Say we are given the unit circle, defined by all real numbers $x,y$ such that $x^2+y^2=1$. Now, if one tried to solve explicitly for $y$, one would get that $y=\pm{\sqrt{1-x^2}}$ and this is obviously not a function, so traditional calculus techniques cannot be used. As $x^2+y^2=1$ defines our curve, we can take the derivative of all terms with respect to $x$ to get that $2x+2y\frac{dy}{dx}=0$, as by the chain rule $\frac{d(y^2)}{dx}=\frac{d(y^2)}{dy}\frac{dy}{dx}$, and one can therefore do some algebraic manipulation to get that $\frac{dy}{dx}=-\frac{x}{y}$. However, I have a few questions:
1) I thought the whole point was that $y$ is not a function, and so $\frac{dy}{dx}$ does not make sense as this notation is defined only when $y$ is a function (or am I wrong in this regard?)
2) Why are we allowed to take the derivative with respect to $x$ on both sides of the equation, but not for example to solve $x^2=1$ to get $2x=0$ which would produce the wrong answer that $x=0$ (my inkling tells me that this is because $x^2=1$ is not an identity but an equation, but I just want to check up on this…)
Best Answer
Good question!
1) You're right that the equation $x^2+y^2=1$ does not define $y$ as a function of $x$ globally. However, if you zoom in on certain points of the curve, what you see does look like the graph of a function. Because zooming in will allow you to ignore that “other” branch of the circle.
The fancy way to say this is that for most points on the curve, we can find a neighborhood of the point for which the intersection of the curve and the neighborhood is the graph of a function. And the derivative of that function is what's predicted by the implicit differentiation process.
But not necessarily every point on the curve. For instance, on the circle near $(-1,0)$, no amount of zooming in will make that look the like the graph of a function. And it's no coincidence that the tangent line is vertical there.
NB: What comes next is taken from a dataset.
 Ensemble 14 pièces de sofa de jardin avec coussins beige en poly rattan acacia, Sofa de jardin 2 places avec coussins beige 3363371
I have some slides with pictures up on this topic from several years ago.
2) The equations $x^2+y^2=1$ and $x^2=1$ are much different than they appear. The first equation relates two variables $x$ and $y$: for any value of $x$ we can find (“solve for”) all related values of $y$.
The second equation is not a relation among variables; there's only one variable after all. It's an equation describing specific, unknown numbers $x$. We can only differentiate functions (or implicitly differentiate certain relations). Since $x^2=1$ is not an equation of functions, differentiating doesn't apply. To give an even more ludicrous example: Suppose we have the equation $2x=4$. If we differentiate both sides, we get $2=0$, a contradiction, which would indicate there was no solution at all. Of course this is wrong since $x=2$ satisfies the equation.